**PROVIDED ENTRIES**
########
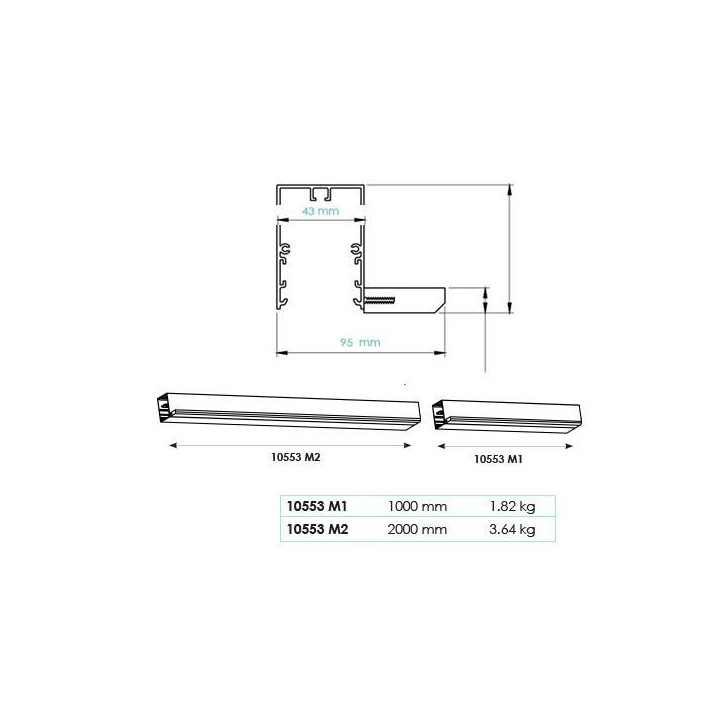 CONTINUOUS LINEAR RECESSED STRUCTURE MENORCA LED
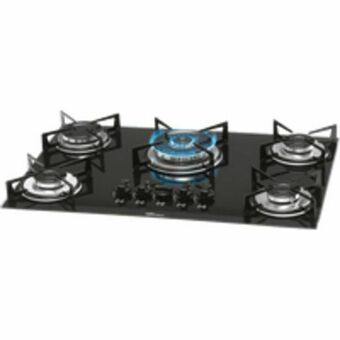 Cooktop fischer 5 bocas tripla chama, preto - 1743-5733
########
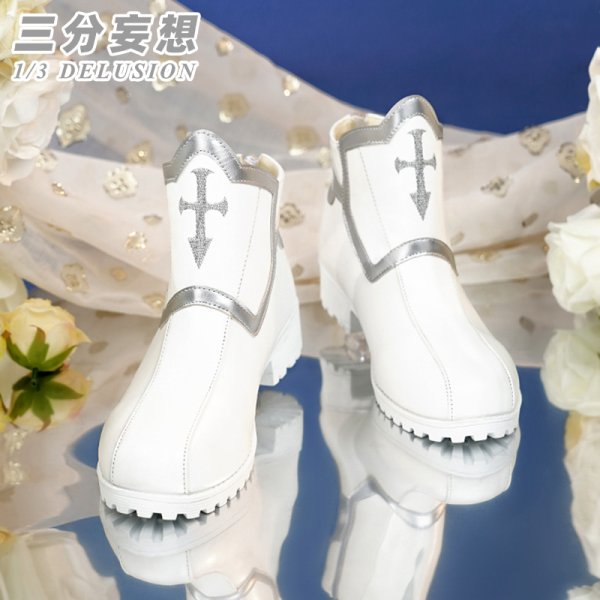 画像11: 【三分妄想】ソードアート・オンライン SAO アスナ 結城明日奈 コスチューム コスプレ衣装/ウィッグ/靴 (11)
########
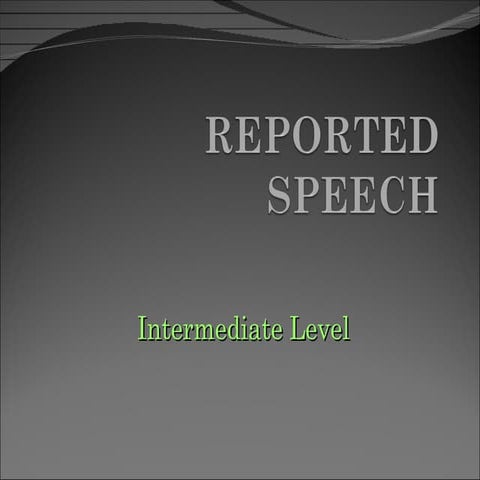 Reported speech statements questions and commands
########
**WHAT TO WORK ON**
Your reply is to be an exact repeat of the listing above from the line holding "CONTINUOUS LINEAR RECESSED" down to the line holding "Cooktop fischer 5", ends included, pictures excluded.

**ANSWER SPACE**
 CONTINUOUS LINEAR RECESSED STRUCTURE MENORCA LED
 Cooktop fischer 5 bocas tripla chama, preto - 1743-5733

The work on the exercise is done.